As I found in chapter 1, my TP-Link TL-WR1043ND ver 1.8 router has a JTAG port available on the board. This discovery opens up exciting possibilities for deeper exploration and manipulation of the device. JTAG (Joint Test Action Group) is a powerful interface that allows direct access to the router's hardware, enabling advanced debugging, firmware extraction, and even potential security research.

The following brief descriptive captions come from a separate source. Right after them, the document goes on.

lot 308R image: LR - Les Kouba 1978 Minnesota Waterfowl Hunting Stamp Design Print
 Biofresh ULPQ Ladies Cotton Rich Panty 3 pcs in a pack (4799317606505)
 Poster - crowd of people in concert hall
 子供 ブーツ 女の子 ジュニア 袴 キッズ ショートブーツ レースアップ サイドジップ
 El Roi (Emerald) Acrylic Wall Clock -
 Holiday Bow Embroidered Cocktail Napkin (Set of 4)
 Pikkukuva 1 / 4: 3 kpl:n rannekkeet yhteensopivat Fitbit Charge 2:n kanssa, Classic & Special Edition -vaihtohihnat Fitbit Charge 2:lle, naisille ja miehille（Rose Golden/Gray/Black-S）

In this chapter, we'll delve into connecting to the JTAG port using a Raspberry Pi 5 as our debugging tool. This approach offers a cost-effective and accessible method for hardware enthusiasts and security researchers to interact with the router at a low level. We'll explore the capabilities of JTAG, from basic connectivity to more advanced operations like dumping the router's flash memory.

Let's embark on this journey to unlock the full potential of our TP-Link router through the power of JTAG interfacing.

What is JTAG?

JTAG, which stands for Joint Test Action Group, is a powerful and versatile hardware interface standard that has become integral to electronics testing, debugging, and programming. Originally developed in the 1980s, JTAG was designed to address the challenges of testing increasingly complex printed circuit boards (PCBs) with densely packed components.

At its core, JTAG provides a standardized method for accessing and controlling the pins of integrated circuits (ICs) on a PCB without the need for physical probing. This is achieved through a simple serial interface, typically consisting of four or five pins:

• TCK (Test Clock)
• TMS (Test Mode Select)
• TDI (Test Data In)
• TDO (Test Data Out)
• TRST (Test Reset, optional)

JTAG's primary functions include:

• Boundary Scan Testing: Allows for testing interconnections between ICs on a PCB without direct physical access.
• Debugging: Provides access to internal chip resources, enabling developers to inspect and modify registers, memory, and system state.
• Programming: Facilitates in-system programming of devices like FPGAs and flash memory.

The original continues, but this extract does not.